Über den Norden des Landes fahren wir nach Hause. Sanfte hügelige Landschaften, viele Klöster. Das Kloster Voronet, dessen erhalten gebliebene Kirche auch Sixtinische Kapelle des Ostens genannt wird, besuchen wir. Die Kirche, ihre Schlichtheit, das Blau gefallen mir, und die Wände mit den dicht an dicht gemalten Bildern beeindrucken mich, auch wenn ich wenig weiß über das Woher und Warum dieser Bilder. Die Art des Nebeneinander erinnert mich an dicht an dicht gehangene Kinderzeichnungen.

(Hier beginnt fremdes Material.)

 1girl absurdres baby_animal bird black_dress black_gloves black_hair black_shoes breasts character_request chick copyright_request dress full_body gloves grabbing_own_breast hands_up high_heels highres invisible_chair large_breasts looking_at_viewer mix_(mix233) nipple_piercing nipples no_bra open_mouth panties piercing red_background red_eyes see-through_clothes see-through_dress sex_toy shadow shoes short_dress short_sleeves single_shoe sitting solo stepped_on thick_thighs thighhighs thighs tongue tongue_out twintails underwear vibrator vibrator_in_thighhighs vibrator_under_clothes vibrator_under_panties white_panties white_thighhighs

Noch weiter nördlich wieder bergig. Es ist früher Nachmittag, unser Ziel Săpânța, das Dorf mit dem Lustigen Friedhof. Eine Straße mit Schlagloch an Schlagloch. Laut Navigationsgerät liegen einhundertfünfzig Kilometer ohne Umgehungsstraße vor uns. Kurvige Strecke, feiner Sprühregen setzt ein, wir fahren in Wolken hinein. Später können wir nicht genau sagen, wie lange die Straße kaum befahrbar war, wir schätzen, fünfzig Kilometer. Sie beschert uns die einzigen Minuten dieser Reise, in denen uns das Lachen kurzzeitig vergeht, und einen Bremsschaden, der später in Ungarn behoben werden wird.

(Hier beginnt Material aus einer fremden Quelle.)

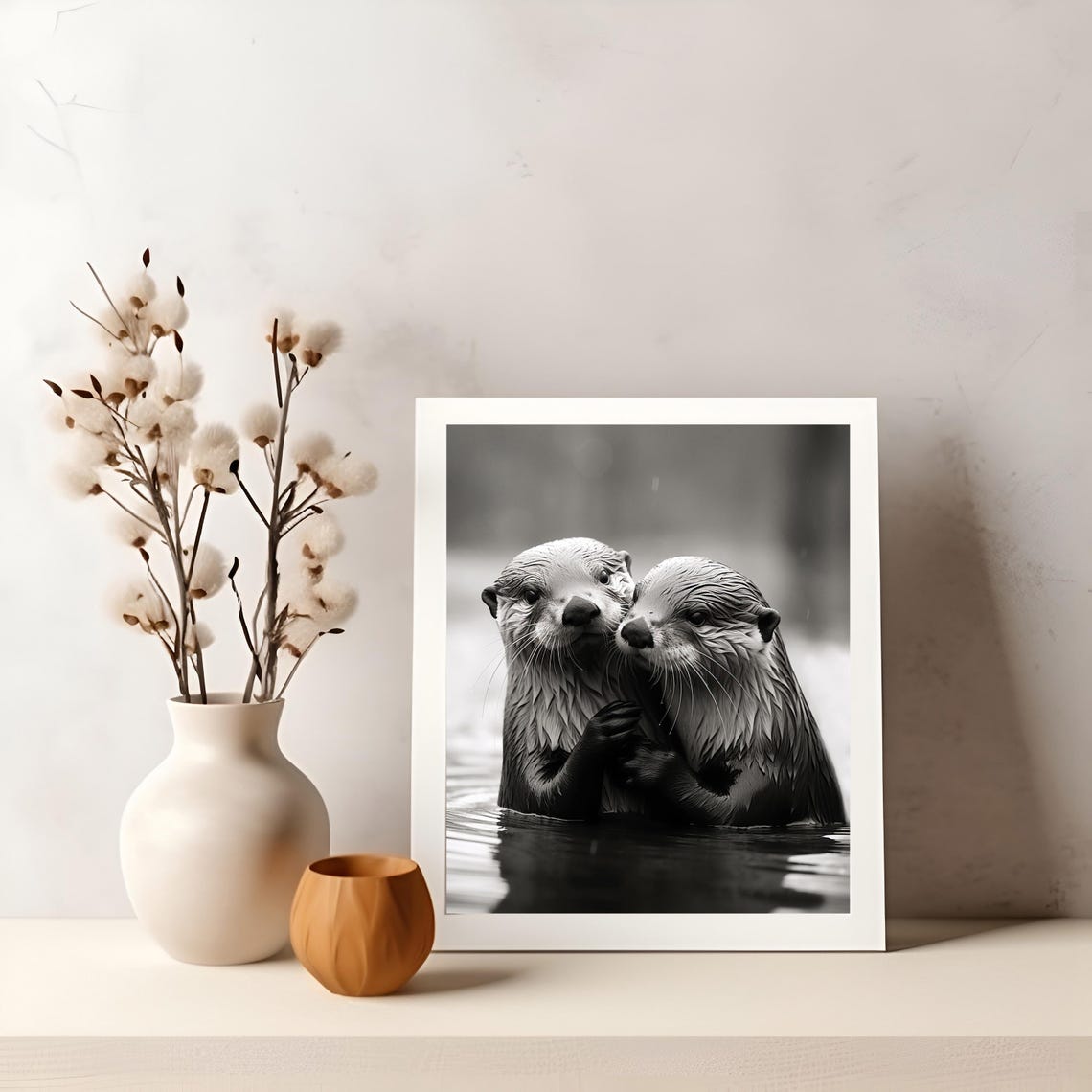 Cute Otter Couple Poster Print, Nursery Decor - Image 2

Am Abend erreichen wir Săpânța. Das Haus, in dem wir übernachten, erzählt mit seinen Möbeln, den  Rauchspuren über Ofenklappen, seinen Bildern und Fotografien von vergangenem Leben. Vielleicht war es einmal Wohnort für die Familie unserer Vermieterin. Am nächsten Morgen besuchen wir den Lustigen Friedhof. Laut unserem Reiseführer berichtet der Tote dort in Text und Bildern und oft auf humorvolle Weise von Arbeit, Freud und Leid seines Lebens. Zu meinem Bedauern können wir die Inschriften auf den blauen Holzkreuzen nicht lesen, aber anhand der Bilder raten wir, von wem erzählt wird.

Vor dem Lustigen Friedhof ein verwaist aussehender Briefkasten. Da wir anderthalb Autostunden später das Land verlassen werden, die letzte Möglichkeit, Postkarten aus Rumänien nach Hause zu schicken. Sie werden zwei Wochen nach uns in Deutschland eintreffen.